Procurada para esclarecer a regulação da atividade, a Anvisa afirmou que por se tratar “de modelo de negócio inovador, não é possível concluir, no momento, o enquadramento dos produtos (suplemento ou medicamento) e a forma de regularização da empresa somente pela avaliação do site”. A agência disse que busca informações com as empresas.

ENTENDA COMO FUNCIONA E O QUE OBSERVAR
TODO MUNDO DEVE TOMAR VITAMINA?
Segundo a nutróloga Sandra Lúcia Fernandes, da Abran, não há respaldo na literatura médica para uso de vitaminas indiscriminadamente em pessoa saudável. Apenas durante a gestação, na fase de lactação e pessoas que passaram por cirurgia bariátrica. Nos demais casos é preciso análise e até exames.
QUAL O RISCO DE USO INDISCRIMINADO DE VITAMINAS?
Fernando Lamarca, conselheiro do Conselho Nacional de Nutrição da 4ª Região, diz que os riscos estão relacionados a dose consumida diariamente, o período de consumo e o tipo de vitamina. O consumo excessivo de betacaroteno foi associado a aumento do risco de câncer de pulmão. Altas dosagens de vitamina D podem contribuir para o desenvolvimento de pedra nos rins.
O QUE SE DEVE SABER ANTES DE RESPONDER O ‘QUIZ’?
O site deve informar claramente a finalidade para a qual serão usados os dados, como serão armazenados, por quanto tempo e ainda se as informações serão compartilhadas.

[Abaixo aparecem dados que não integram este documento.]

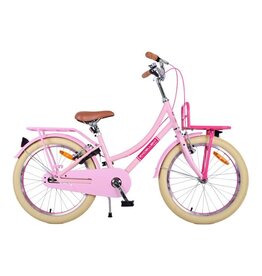 Volare Excellent Children's bike - Girls - 20 inch - Pink - Two handbrakes
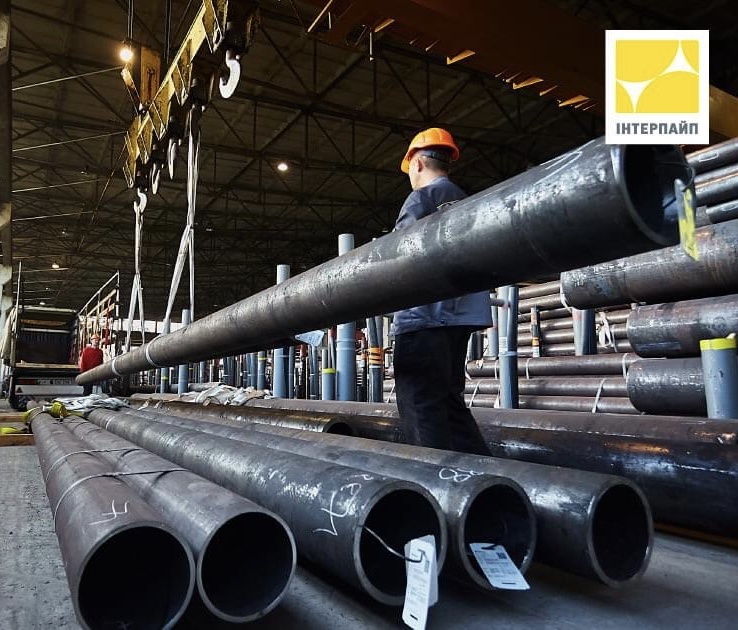 ІНТЕРПАЙП поступово відновлює виробництво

QUAL O PAPEL DO ALGORITMO?
Informe-se a respeito dos parâmetros de análise usados pela inteligência artificial para prescrever o produto. Procure saber se há profissionais de saúde responsáveis.
E SE TIVER PROBLEMAS?
As empresas dizem oferecer acompanhamento de profissionais, como farmacêuticos e nutricionistas durante o tratamento e para aconselhamento do consumidor, algumas dizem ser possível refazer o produto e garantem dar assistência em caso de efeitos colaterais. Em caso de dúvida de prática irregular ou de problema pode-se procurar o Procon e a Agência Nacional de Proteção de Dados, se identificar risco às informações pessoais.